From: Stefan Monnier
Subject: Re: smie-next-sexp vs associative operators
Date: Wed, 24 Oct 2012 10:44:44 -0400
User-agent: Gnus/5.13 (Gnus v5.13) Emacs/24.1.50 (gnu/linux)

>> That's actually a bug: the THEN should be indented relative to its
>> corresponding ELSIF (if any) rather than to the top IF.
> _all_ of the keywords in the if/then/elsif/else/endif, and in every
> other multi-keyword statement in modula-2 and Ada, work this way; they
> _all_ jump to the first keyword in the statement. Except for the ones
> that happen to be associative. You'd have to totally rewrite
> smie-backward-sexp, to fix this "bug".

SMIE likes to have more structure in its parse tree: instead of an IF
construct having a single level

    (IF_THEN_ELSIF_THEN_ELSE_END exp1 stmt1 exp2 stmt2 stmt3)

it likes to have something deeper, maybe even as deep as

    (IF_END (_ELSIF/ELSE_ (_THEN_ exp1 stmt1) (_THEN_ exp2 stmt2) (stmt3))

One of the advantages being that if a THEN is missing or there's an
extra one somewhere, it should still be able to match the END with
its IF.

> Have people complained about modula-2-mode for this?

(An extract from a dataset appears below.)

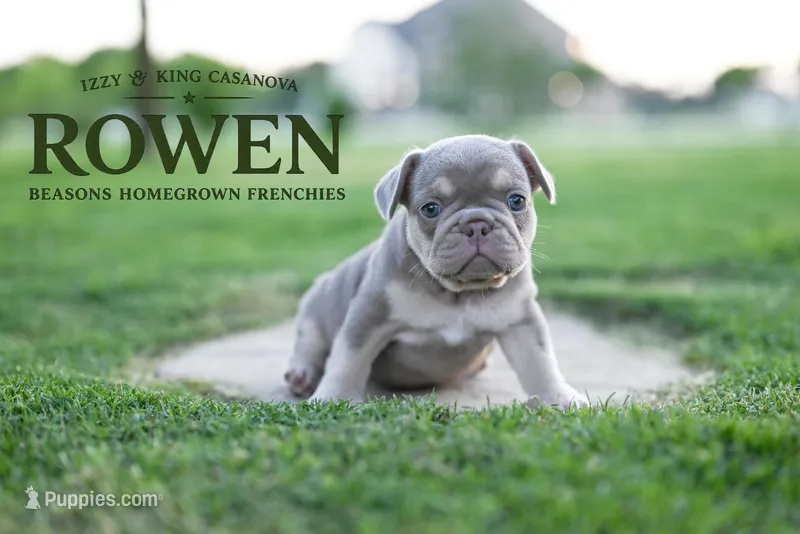 ROWEN – French Bulldog puppy for sale in Blue Ridge, TX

Modula-2-mode did not have any indentation until I added the SMIE
indentation (that was actually one reason I chose it: there was no risk
of regression) and noone requested it, which makes me think noone used
this mode.  That's consistent with the fact that Modula-2 is pretty
much dead.  So "no complaint" is not a good indicator.

> But all of this just goes to say that the current behavior of
> smie-backward-sexp for _non_-associative operators is wrong in the first
> place; that's a _major_ redesign!

I don't see why.  If you make your parse tree deeper, you'll get the
same "stop at the closest token" behavior.

BTW, this discussion is really useful to make me figure out some of the
guidelines and design rules that we should document in
SMIE's documentation.

> That is pretty much the crux of the matter; we have different visions
> about how indentation engines should work, partly influenced by the
> different languages we are implementing.

I don't think it's a question of language (I've implemented SMIE support
for Pascal, sh, Modula-2, Prolog, SML/OCaml/Coq, and Octave, which
I think covers a fair variety of syntaxes).
I've just learned to use SMIE to its advantage, whereas you're trying to
fight it.

>> Can you tell me in terms of C-M-f or C-M-b in which circumstance they
>> don't behave identically (and show me the corresponding grammar rules
>> you're using)?
> Not directly, no, because C-M-f doesn't call (smie-backward-sexp
> keyword), it calls (smie-backward-sexp 'halfsexp), which gives different
> behavior.

No, C-M-b gives the same behavior, you just have to start from another
position (i.e. from right after the keyword rather than from before it).